◆ **DATA**:
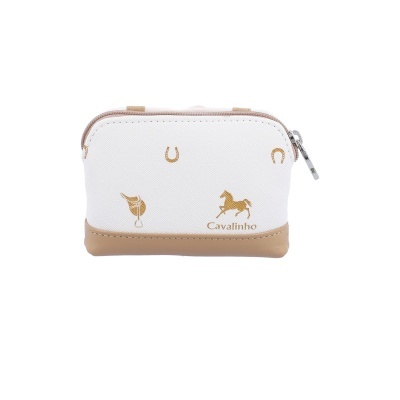 Bolsa pequena branca com estampas douradas e base bege com fecho de correr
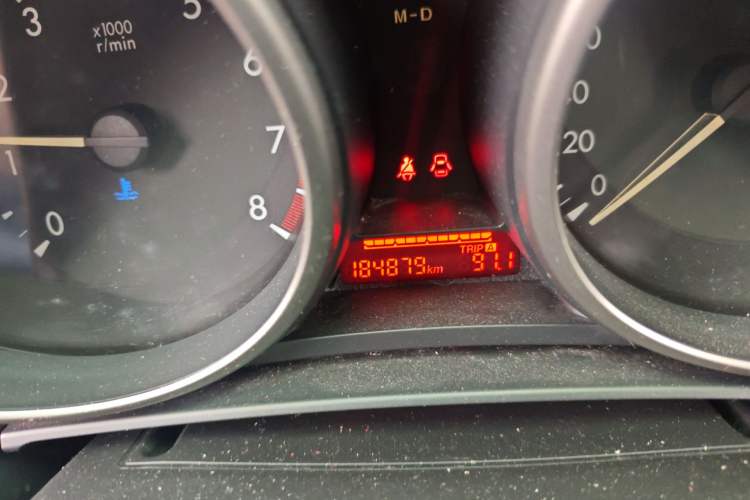 Used Mazda 5 2011 2.0L Automatic Luxury Edition Odometer Close Up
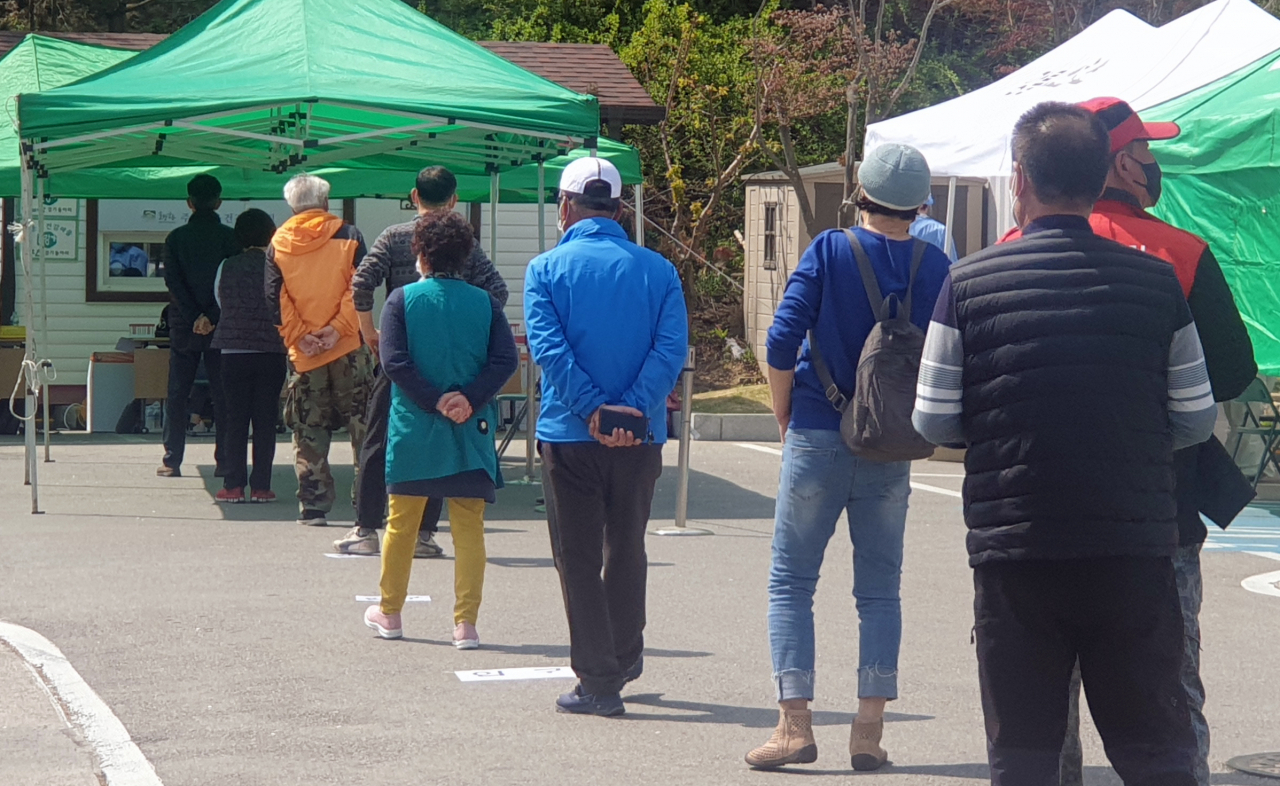 지난 16일 코로나19 확진자 4명이 추가 발생한 강원 강릉시 주문진읍에 설치한 선별진료소에서 주민이 검사를 기다리고 있다. [연합]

◆ **TASK DESCRIPTION**:
Would you transcribe the whole listing above exactly? The pictures should not be included.

◆ **ANSWER SECTION**:
 Bolsa pequena branca com estampas douradas e base bege com fecho de correr
 Used Mazda 5 2011 2.0L Automatic Luxury Edition Odometer Close Up
 지난 16일 코로나19 확진자 4명이 추가 발생한 강원 강릉시 주문진읍에 설치한 선별진료소에서 주민이 검사를 기다리고 있다. [연합]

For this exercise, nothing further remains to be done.